The 10-sgRNA per gene CRISPR/Cas9 epigenetic sublibrary was synthesized, cloned, and infected into Cas9 expressing G401 cells as previously described (Kramer et al., 2018; Morgens et al., 2017). Briefly, 100 million G401 cells stably expressing SFFV-Cas9-BFP were infected with the 10 guide/gene transcription factor sgRNA library at a MOI < 0.4. Infected cells underwent puromycin selection (1μg/mL) for 5 days after which point puromycin was removed. After selection, sgRNA infection was measured by immunofluorescence to confirm that > 90% of cells were mCherry+. Cells were maintained for three weeks at 1000× coverage (~1000 cells containing each sgRNA) at a concentration of 500,000 cells/mL for the duration of each screen. Cells were split into two conditions: one control group that remained untreated, and one group that was treated with the synthetic (PR)₂₀ at 4μM. This treatment occurred four times over three weeks, allowing for cells to recover to ~90% viability after each round of treatment. At the end of each screen genomic DNA was extracted for all screen populations separately according to the protocol included with QIAGEN Blood Maxi Kit and deep sequencing on an Illumina Nextseq 500 was used to monitor library composition. Guide composition between PR treated conditions was compared to the untreated condition using casTLE (Morgens et al., 2016) version 1.0. Briefly, the enrichment of individual guides was calculated as log ratios between treated and untreated conditions, and gene-level effects were calculated from ten guides targeting each gene. A confidence score was then derived as a log-likelihood ratio describing the significance of the gene-level effect. P-values were then calculated by permutating the targeting guides as previously described (Morgens et al., 2016).

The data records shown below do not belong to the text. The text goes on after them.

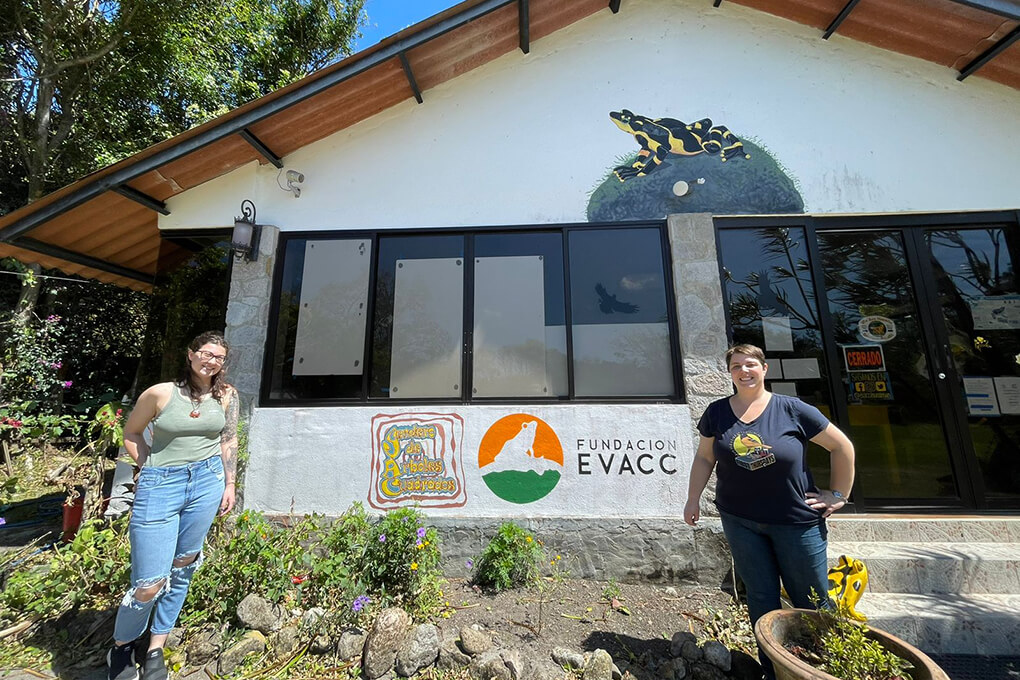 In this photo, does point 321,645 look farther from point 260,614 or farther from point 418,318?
point 418,318

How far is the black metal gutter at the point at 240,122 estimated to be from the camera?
360 centimetres

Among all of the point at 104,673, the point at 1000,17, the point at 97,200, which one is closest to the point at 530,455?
the point at 104,673

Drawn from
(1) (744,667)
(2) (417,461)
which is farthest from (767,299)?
(2) (417,461)

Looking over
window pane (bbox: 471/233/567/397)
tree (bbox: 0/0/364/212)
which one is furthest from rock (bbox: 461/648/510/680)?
tree (bbox: 0/0/364/212)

QUANTIFICATION AND STATISTICAL ANALYSIS

All images were quantified using the following computerized algorithms tailored to each paradigm and written in MATLAB or C++.

Axonal Quantification In Vitro

The images of cortical neurons, immuno-stained for β-tubulin, were binarized such that pixels corresponding to axons converted to white while all other regions converted to black. To perform this binarization and differentiate between axons and background in the images, a localized Otsu threshold was used. The Otsu algorithm searches for a threshold that minimizes the variance sum of two or more populations in an image (Otsu, 1979). This gives an exact threshold below which all pixels are considered background. This threshold was then applied to count the number of pixels corresponding to axons in each figure, which serves as the MTs stability index. A punctuated formation of MTs was evident from the cortical explants’ staining; these spots occupy only the higher gray levels in the image and appeared mostly in the (PR)₅₀ and TDP-43 treated, and not in their corresponding GFP treated and the untreated neurons. The MT depolymerization index was defined as the ratio of depolymerized axon pixel number to intact axon pixel number. To detect the depolymerized axons, we used an algorithm for counting all the pixels above a certain threshold. To find this threshold, we calculated the probability density function (PDF) of the sum-controlled experiments (untreated neurons), from which the cumulative probability density function (CDF) was extracted. The threshold was set as the value above which there were almost no pixels (less than 0.1%). More than six wells were analyzed for each experimental condition.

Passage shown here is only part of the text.